Testing for Deploying Machine Learning Models

You’re ready to deploy! If only deploying a model were as easy as pressing a big red button. When deploying, you want your pipeline to run, update, and serve without a hitch. These needs lead to the requirements and solutions discussed on this page.

Test Model Updates with Reproducible Training

No doubt you want to continue improving your unicorn appearance predictor. Say you refactor the feature engineering code for the "time of day" feature. How do you test that the code is correct? You decide to train your model again and see if you get the same result. Oh no, you find that your model training is not reproducible. Determined to continue predicting unicorn appearances, you investigate further. You find that you can achieve reproducibility by following these steps:

  • Deterministically seed the random number generator (RNG). For details, see randomization in data generation from the Data Preparation and Feature Engineering in ML course.

  • Initialize model components in a fixed order to ensure the components get the same random number from the RNG on every run. ML libraries typically handle this requirement automatically.

  • Average several runs of the model.

  • Use version control, even for preliminary iterations, so that you can pinpoint code and parameters when investigating your model or pipeline.

Even after taking these steps, you could have other sources of non-determinism.

Testing Model Updates to Specs and API calls

After updating your model to Unicorn Predictor 2.0, you need to test the new model for algorithmic correctness, along with any changes to API calls. Let's discuss how.

Testing API Calls

How do you test updates to API calls? Sure, you could retrain your model, but that’s time intensive. Instead, write a unit test to generate random input data and run a single step of gradient descent. You want the step to complete without runtime errors.

Testing for Algorithmic Correctness

A model must not only predict correctly, but do so because it is algorithmically correct, not lucky. For example, if 99% of emails aren't spam, then classifying all email as not spam gets 99% accuracy through chance. Therefore, you need to check your model for algorithmic correctness. Follow these steps:

  • Train your model for a few iterations and verify that the loss decreases.
  • Train your algorithm without regularization. If your model is complex enough, it will memorize the training data and your training loss will be close to 0.
  • Test specific subcomputations of your algorithm. For example, you can test that a part of your RNN runs once per element of the input data.

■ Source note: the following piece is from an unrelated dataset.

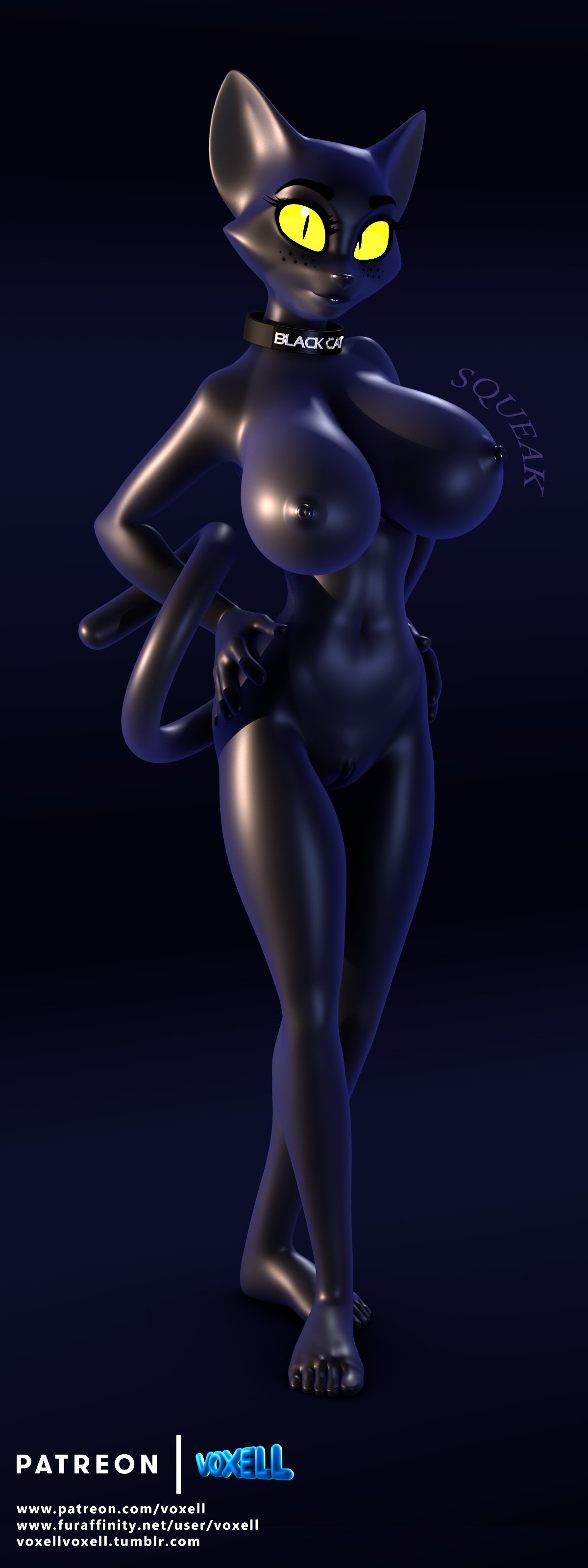 2018 3d absurd_res android anthro big_breasts black_cat_(voxell) black_skin breasts domestic_cat felid feline felis female hands_on_hips hi_res machine mammal nude pussy robot rubber solo voxell_voxell yellow_eyes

Write Integration tests for Pipeline Components

In an ML pipeline, changes in one component can cause errors in other components. Check that components work together by writing a test that runs the entire pipeline end-to-end. Such a test is called an integration test.

Besides running integration tests continuously, you should run integration tests when pushing new models and new software versions. The slowness of running the entire pipeline makes continuous integration testing harder. To run integration tests faster, train on a subset of the data or with a simpler model. The details depend on your model and data. To get continuous coverage, you'd adjust your faster tests so that they run with every new version of model or software. Meanwhile, your slow tests would run continuously in the background.

Validate Model Quality before Serving

Before pushing a new model version to production, test for these two types of degradations in quality:

  • Sudden degradation: A bug in the new version could cause significantly lower quality. Validate new versions by checking their quality against the previous version.

  • Slow degradation: Your test for sudden degradation might not detect a slow degradation in model quality over multiple versions. Instead, ensure your model's predictions on a validation dataset meet a fixed threshold. If your validation dataset deviates from live data, then update your validation dataset and ensure your model still meets the same quality threshold.

Validate Model-Infra Compatibility before Serving

If your model is updated faster than your server, then your model will have different software dependencies from your server, potentially causing incompatibilities. Ensure that the operations used by the model are present in the server by staging the model in a sandboxed version of the server.